煙る風にも意味があるなら

 昨日初めてタバコを吸った。ニコチンもタールも入っていないからタバコと言えるのかもわからない。ただ空気以外のものを吸い、空気以外のものを吐いた。それだけだ。だが、なぜか満たされた。吸い心地の悪い空気もこれと共になら吸える気がした。
 元々肺や気管支が悪い。早死にできるかな〜という下心はなかったといえば嘘になる。なぜ害のあるものを吸わなかったのか。それは、少し怖かった。戻れなくなる気がした。今の私には贅沢すぎる快楽だと思った。妥協をしたわけではない。ただ、吸うならこれがいいと思った。美味しかった。確かに私はどうしようもないほどクズだ。お酒も美味しく無くなって、いつか何も感じなくなるのではないかと思った。何も感じなくなる前に何がしたいかと考えた時、タバコと宗教だった。薬は昔、市販薬をやっていたが楽になれなかった。有ればしたい気持ちになり、なければそれなりにストレスを抱えた。だがタバコは違う。しっかりと「喫煙所」という息をしてもいい場所がある。薬よりも理解されると思った。同じ人が近くにいる。それだけで何か救われるかもしれない。何か変わるかもしれない。死ぬ前、逃げようという気持ちが働いた。こんなことよくないのかもしれない。でも、私は、一瞬、ひと時、できれば5分。何かに逃げてみたかった。これだけは、これをしていたら。手軽にできるものをしてみたかった。

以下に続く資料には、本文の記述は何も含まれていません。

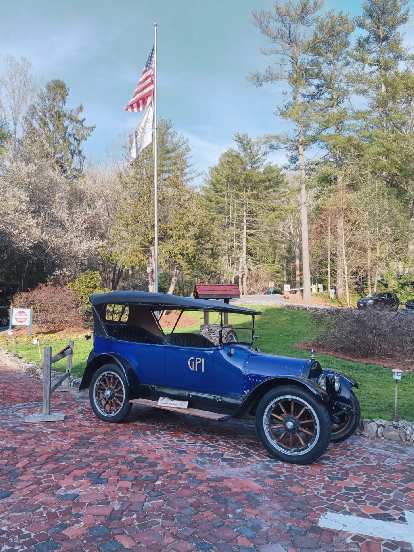 A blue antique car and a U.S. flagpole in front of the Grove Park Inn in Asheville, North Carolina.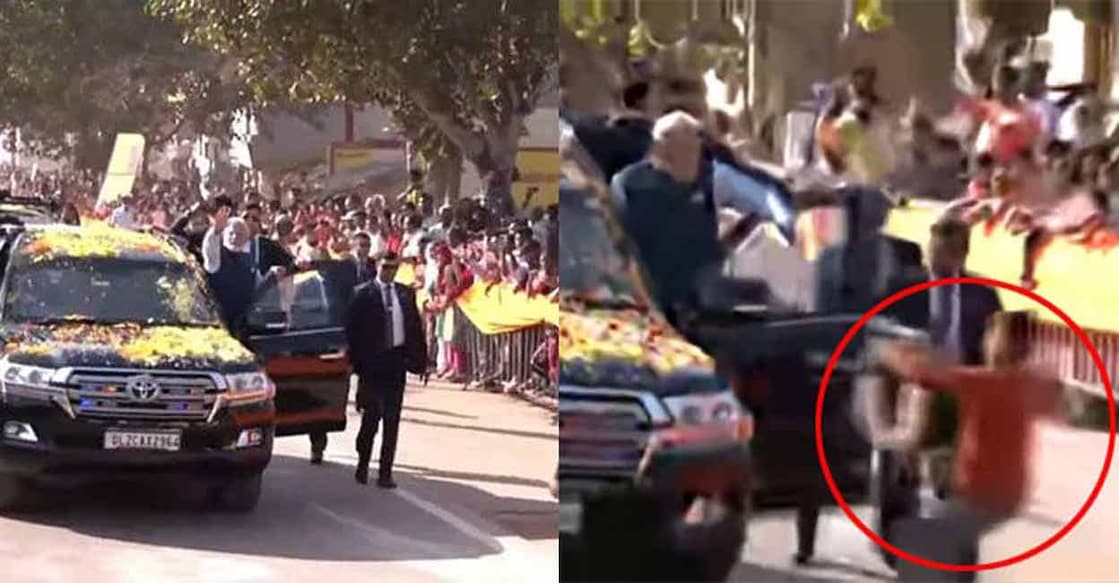 Screengrab of the boy rushing toward PM Narendra Modi's motorcade at Hubballi in Karnataka on Thursday. 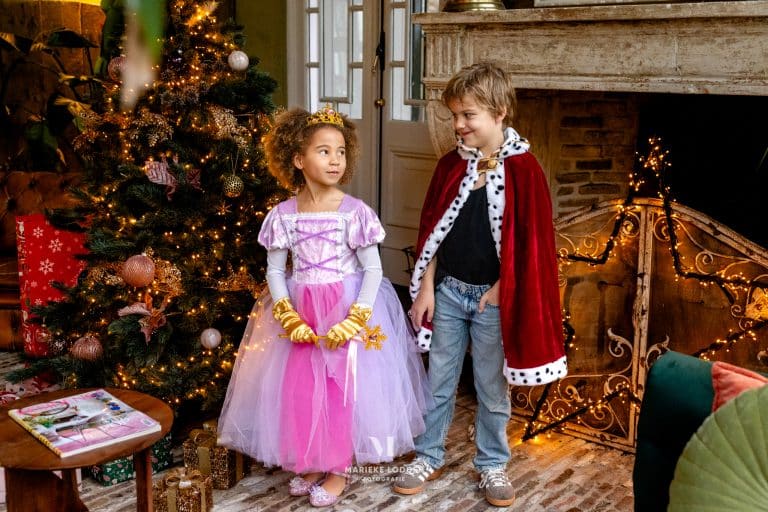 Jongen draagt de rode King Louis cape met witte kraag en bontrand met zwarte stippen naast een meisje in prinsessenjurk.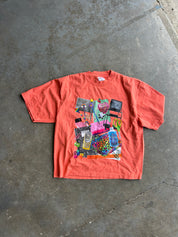 A coral orange short-sleeve t-shirt with a colorful graphic collage print on the front, laid flat on a gray concrete floor.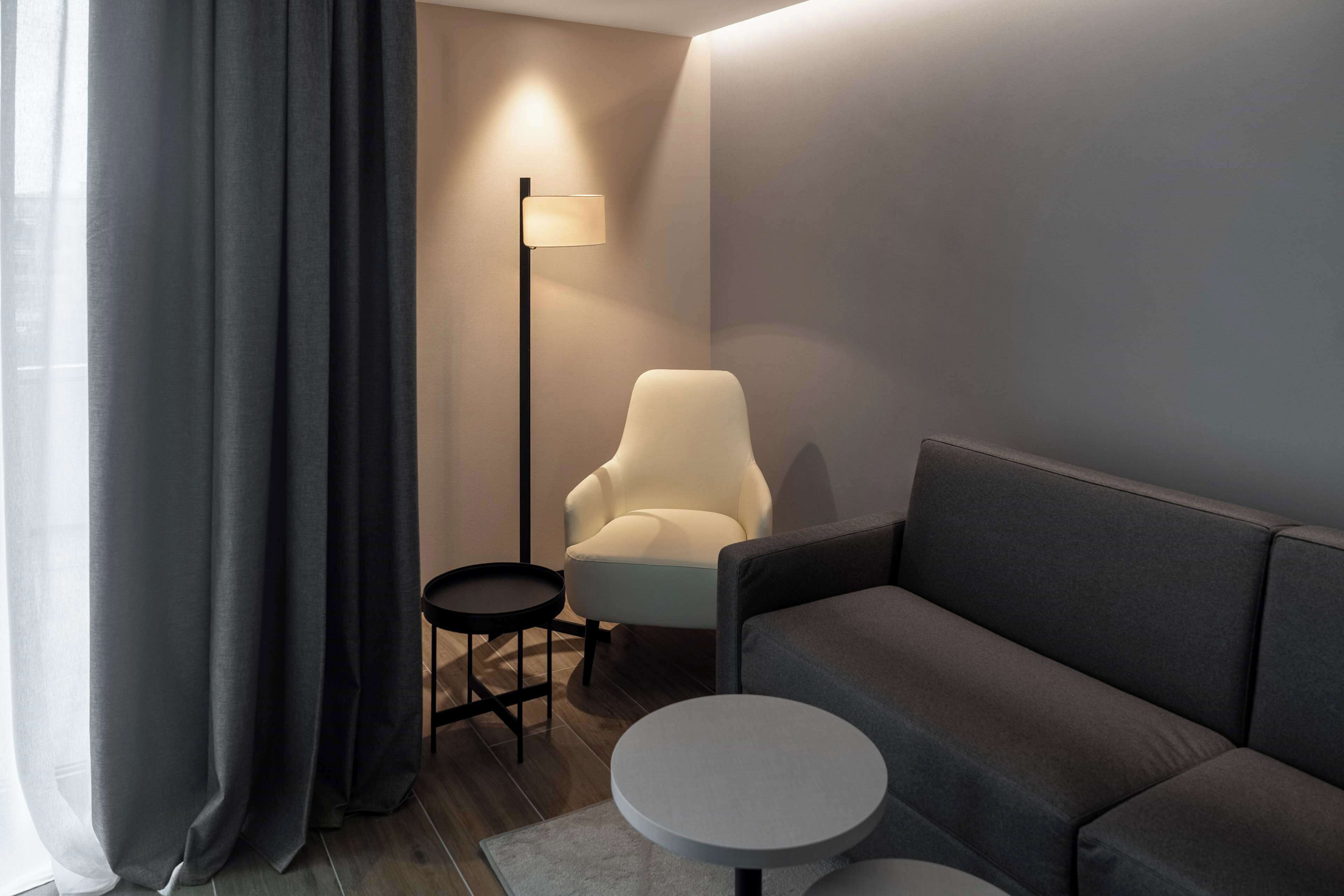 A modern living room with a grey sofa, a small round table, a white armchair, and a floor lamp.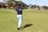 A person stands on a golf course, mid-swing, with a golf club in hand. Wearing a navy shirt and light blue pants, they are positioned on a patch of green grass. In the background, there are trees and several buildings with red roofs.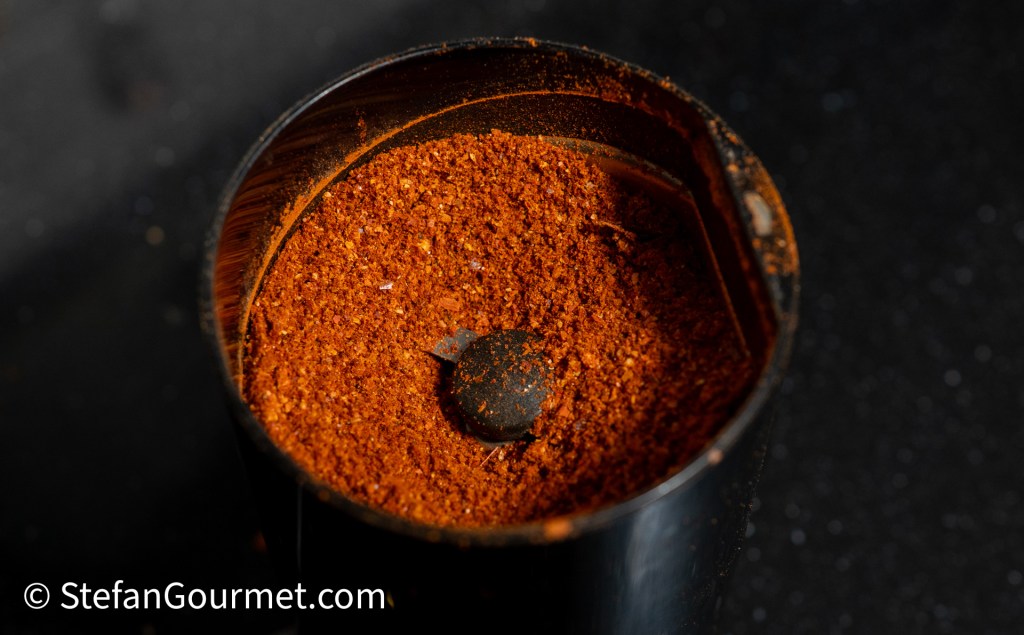 Close-up view of red chili powder in a spice grinder.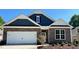 Charming single-Gathering home featuring stone and blue siding, a two-car garage, and a well-manicured lawn at 1914 Malvina Ct, Graham, NC 27253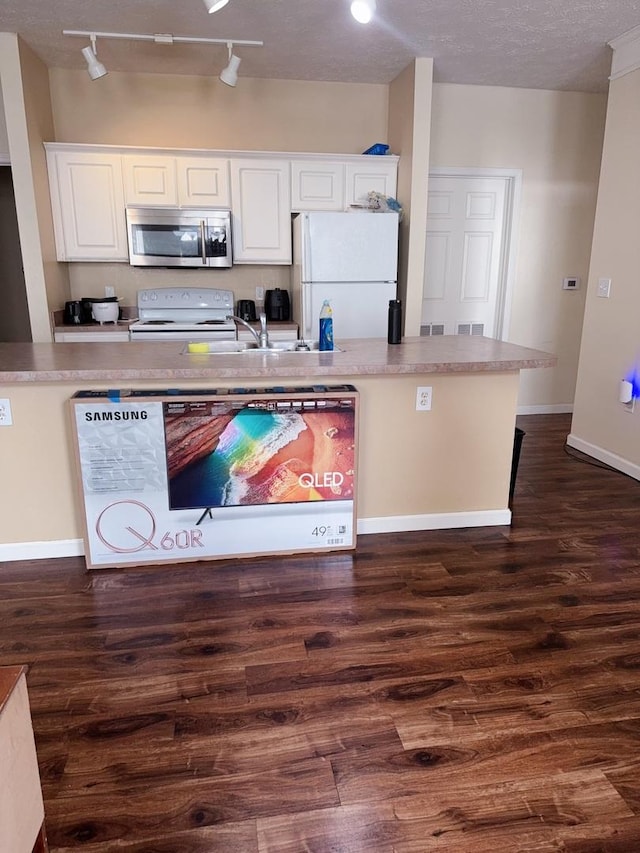kitchen with a sink, white appliances, track lighting, dark wood finished floors, and white cabinetry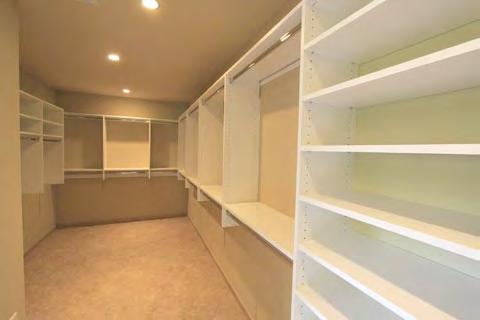 wall unit with open shelving, two custom built-in medicine cabinets with frosted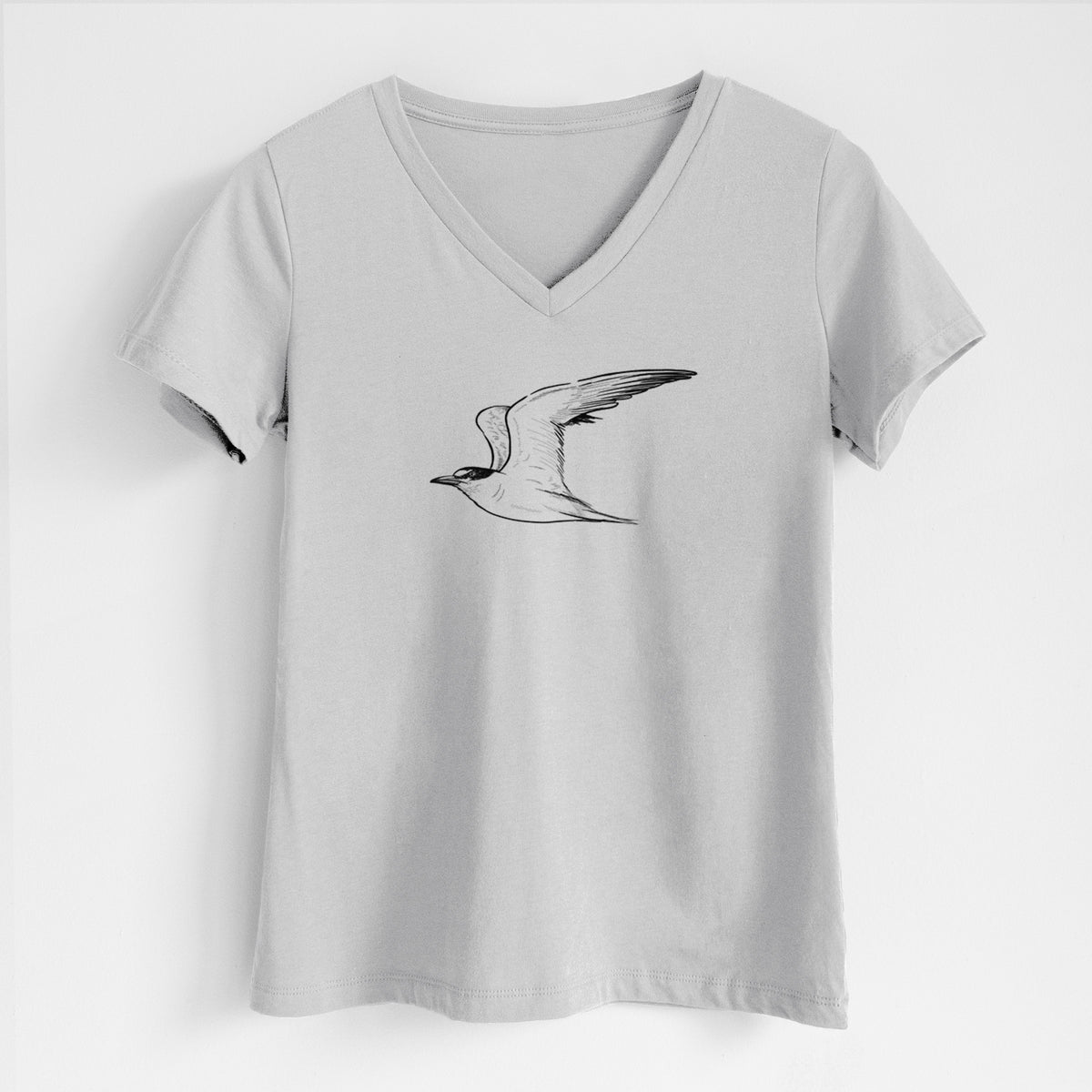 Lunar grey women's relaxed fit cotton V-neck t-shirt laid flat, printed with a black ink illustration of a California least tern in flight.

 何もかも面倒臭かった。集団で話している時、ふとした瞬間に一人になりたくなる。二人とかなら大丈夫。でも、人が多いと疲れてしまうのだ。その時に逃げられる何かも欲しかった。本当に堕ちている。綺麗に綺麗に堕ちていく。死ぬ前には本物を吸ってみたい。そういう楽しみがあってもいいじゃないか。